*** Opening of TASK DATA ***
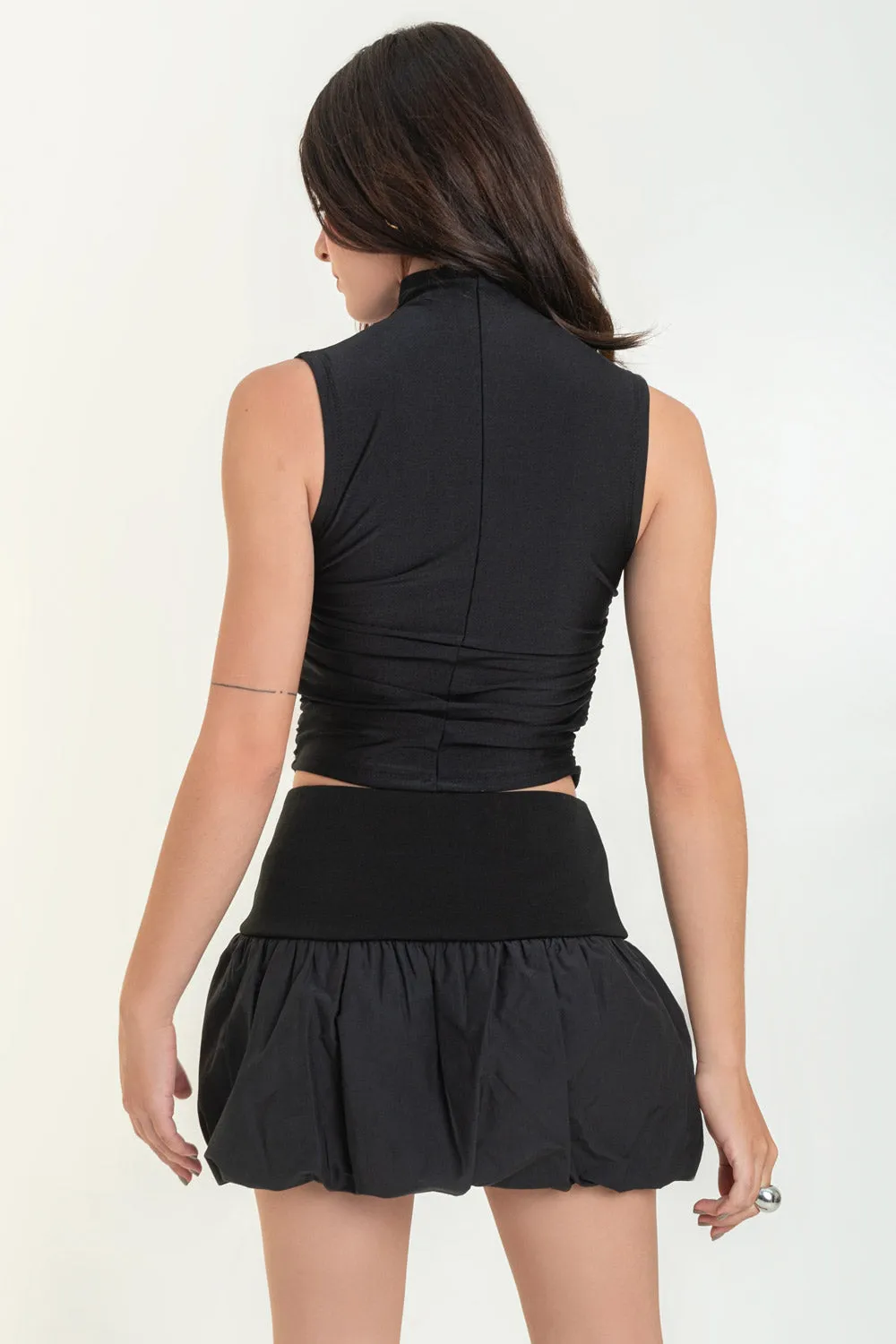 Top corto satinado cuello mock con plisados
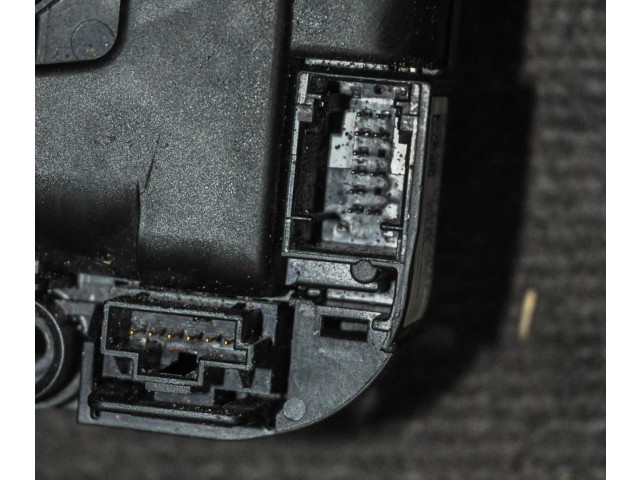 Подрулевой переключатель 69895569110873   BMW 1 E81 E87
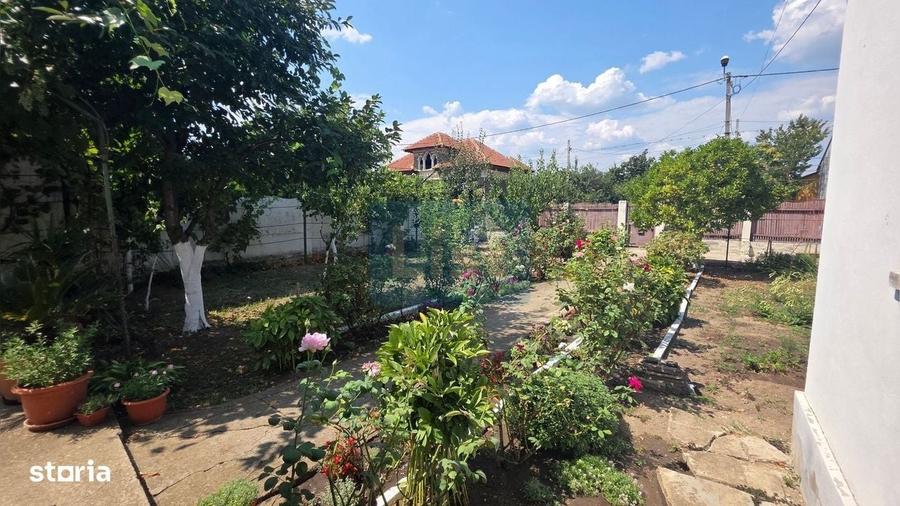 Casă cu 3 camere în 23 August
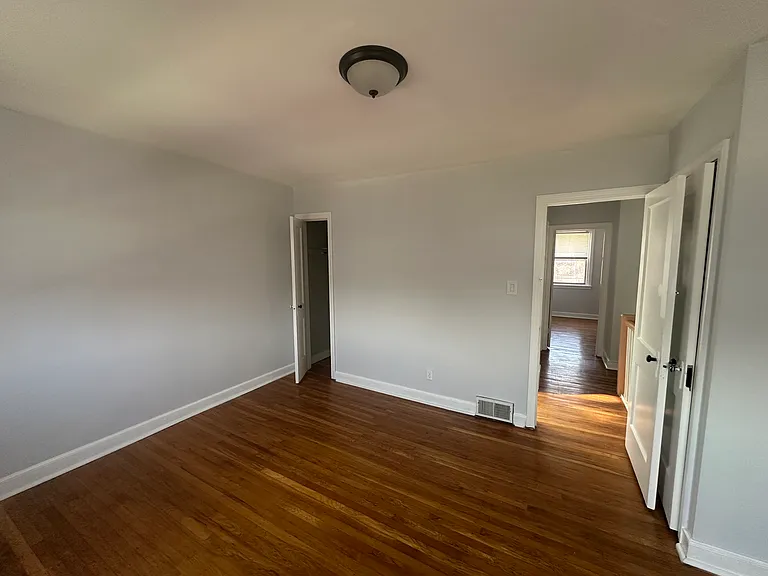 4442 Loring St — Photo 9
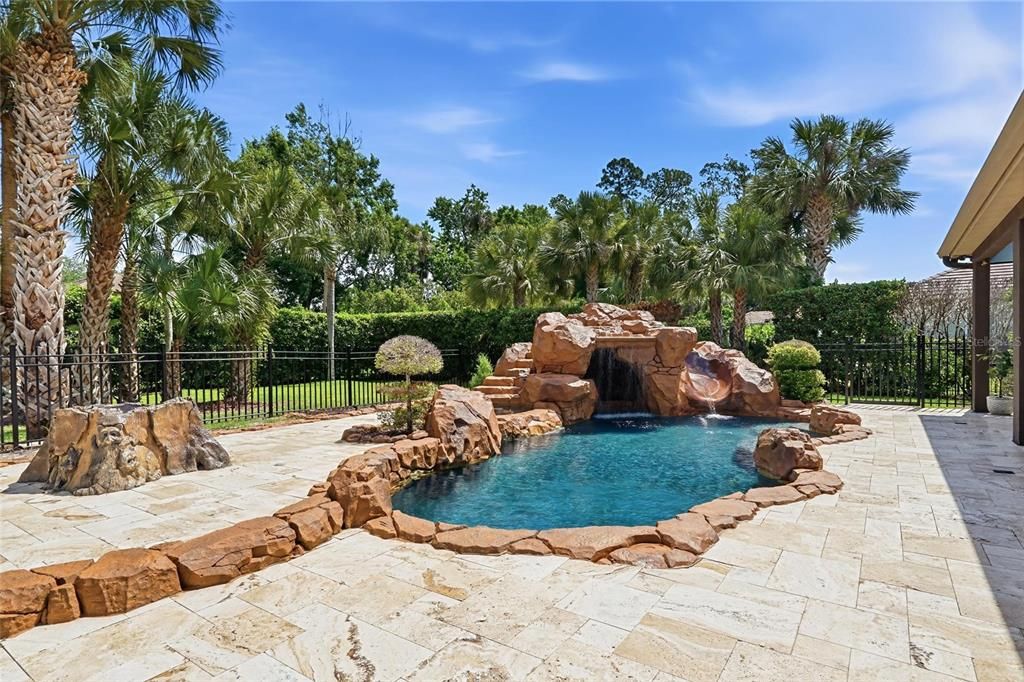 For Sale: $985,000 (6 beds, 2 baths, 2946 Square Feet)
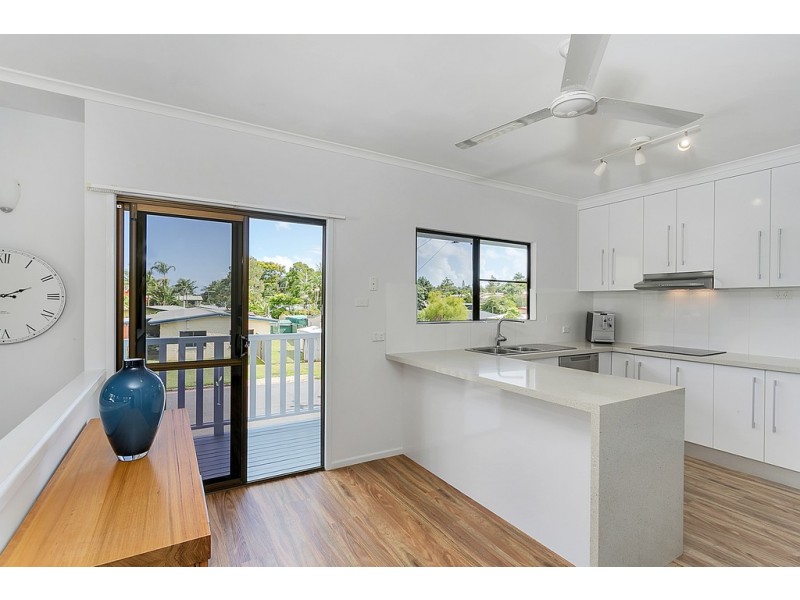 21 Kokopo Close, Trinity Beach QLD 4879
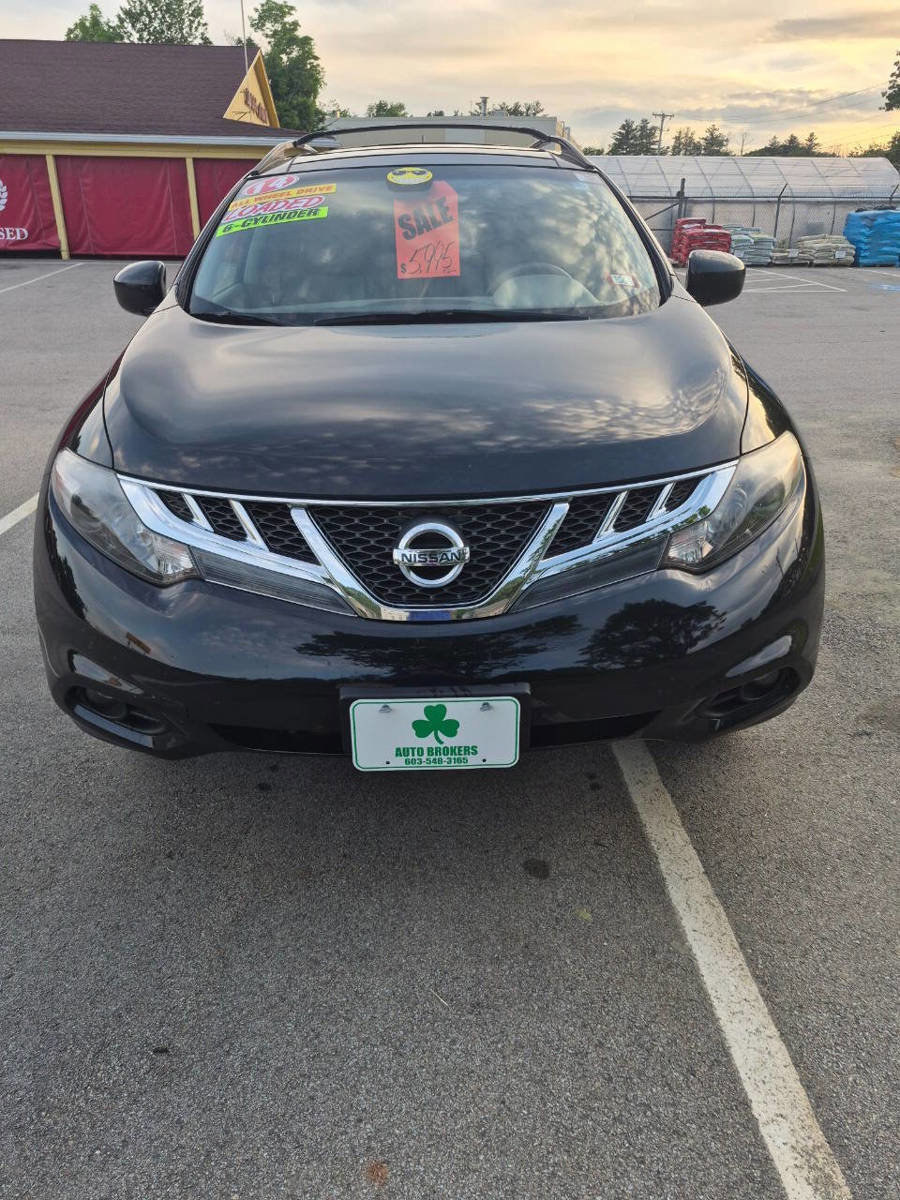 Used 2014 Nissan Murano SL w/ Navigation Package AWD/4WD image 2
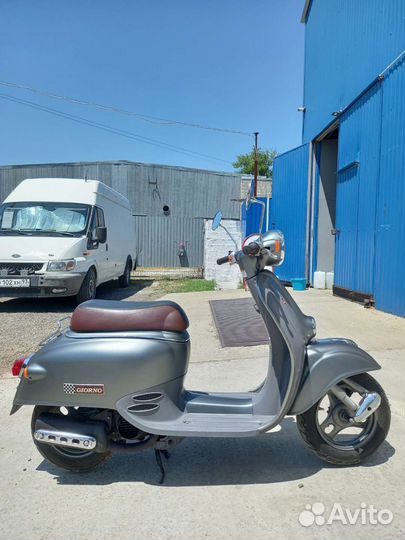 Ретро скутер Honda Giorno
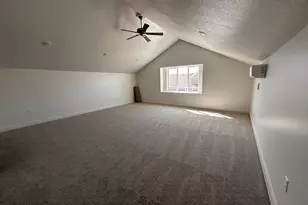 9526 S Ember Glow Ct, South Jordan, UT 84095 - Photo 10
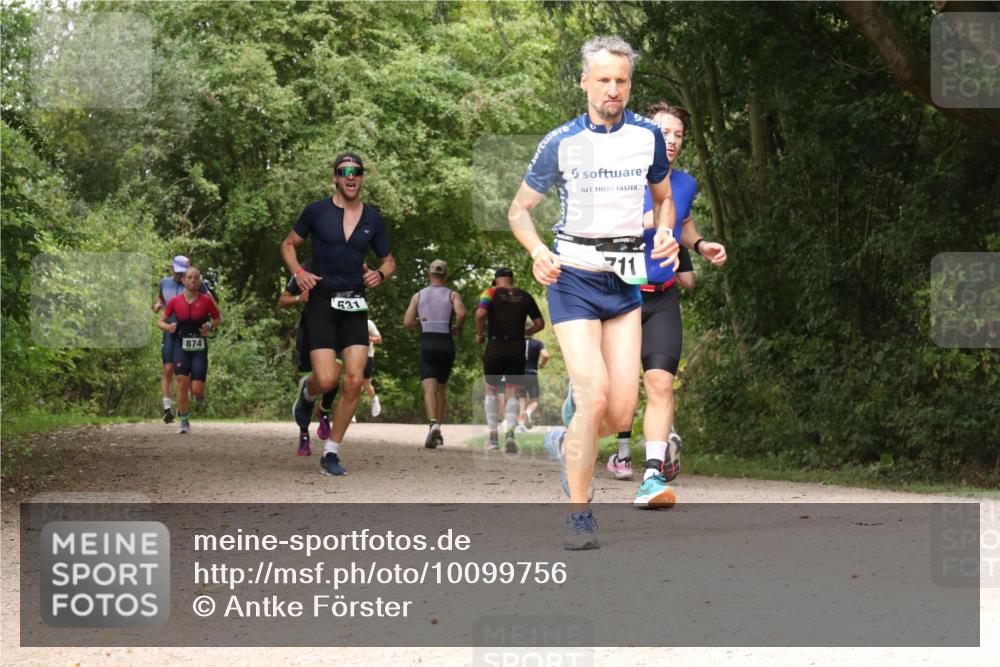 30.08.2026 - Elbe Triathlon Hamburg Antke Förster http://msf.ph/oto/10099756 30.08.2026 11:01:39 Laufen 874, 531, 1, 711 meine-sportfotos.de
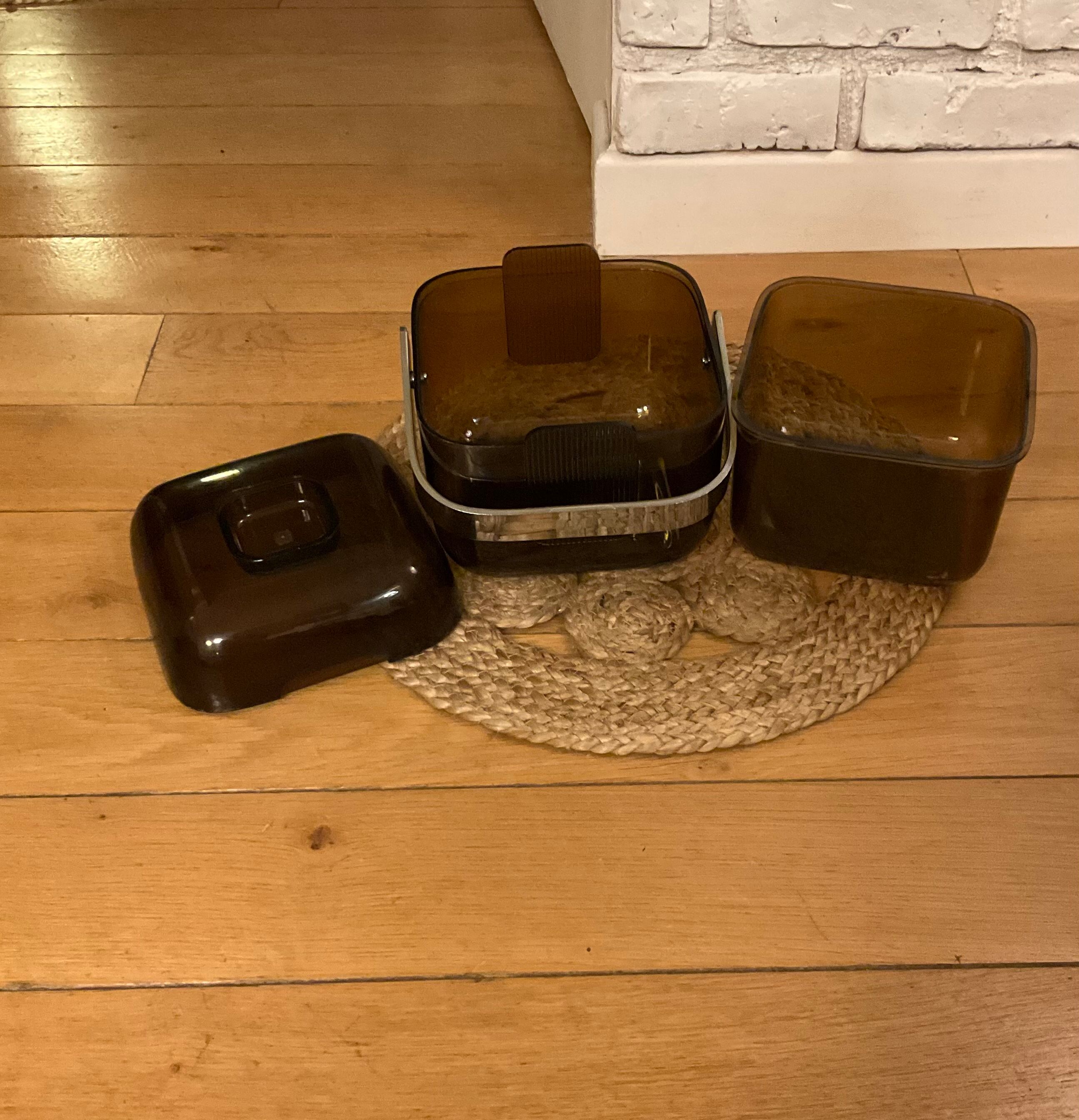 Smoked guzzini plexiglass ice bucket 1970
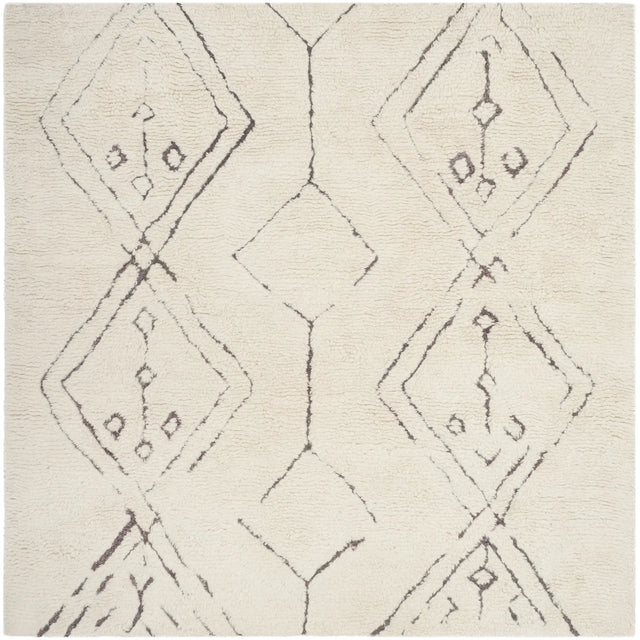 Safavieh Casablanca 6'-0" x 6'-0" Rug in Ivory / Multi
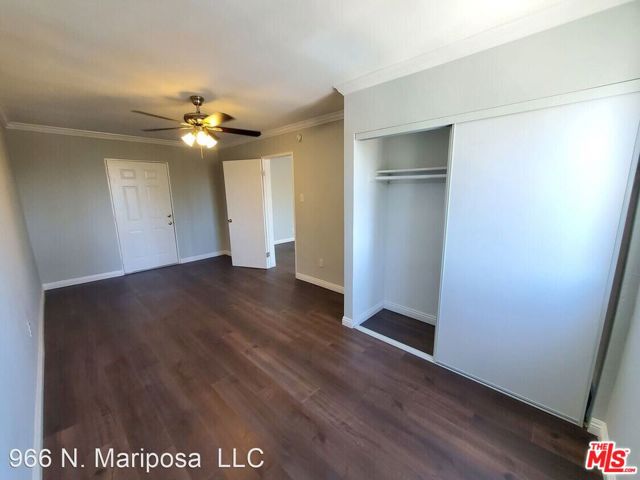 400 S Mariposa Avenue, Los Angeles CA: https://media.crmls.org/mediaz/b575e1f0-8730-475d-9440-1a530cc04854.jpg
*** Close of TASK DATA ***
§ EXERCISE REQUIREMENTS
Leave nothing out but the pictures when transcribing the records.

§ RESPONSE TO THE EXERCISE
 Top corto satinado cuello mock con plisados
 Подрулевой переключатель 69895569110873   BMW 1 E81 E87
 Casă cu 3 camere în 23 August
 4442 Loring St — Photo 9
 For Sale: $985,000 (6 beds, 2 baths, 2946 Square Feet)
 21 Kokopo Close, Trinity Beach QLD 4879
 Used 2014 Nissan Murano SL w/ Navigation Package AWD/4WD image 2
 Ретро скутер Honda Giorno
 9526 S Ember Glow Ct, South Jordan, UT 84095 - Photo 10
 30.08.2026 - Elbe Triathlon Hamburg Antke Förster http://msf.ph/oto/10099756 30.08.2026 11:01:39 Laufen 874, 531, 1, 711 meine-sportfotos.de
 Smoked guzzini plexiglass ice bucket 1970
 Safavieh Casablanca 6'-0" x 6'-0" Rug in Ivory / Multi
 400 S Mariposa Avenue, Los Angeles CA: https://media.crmls.org/mediaz/b575e1f0-8730-475d-9440-1a530cc04854.jpg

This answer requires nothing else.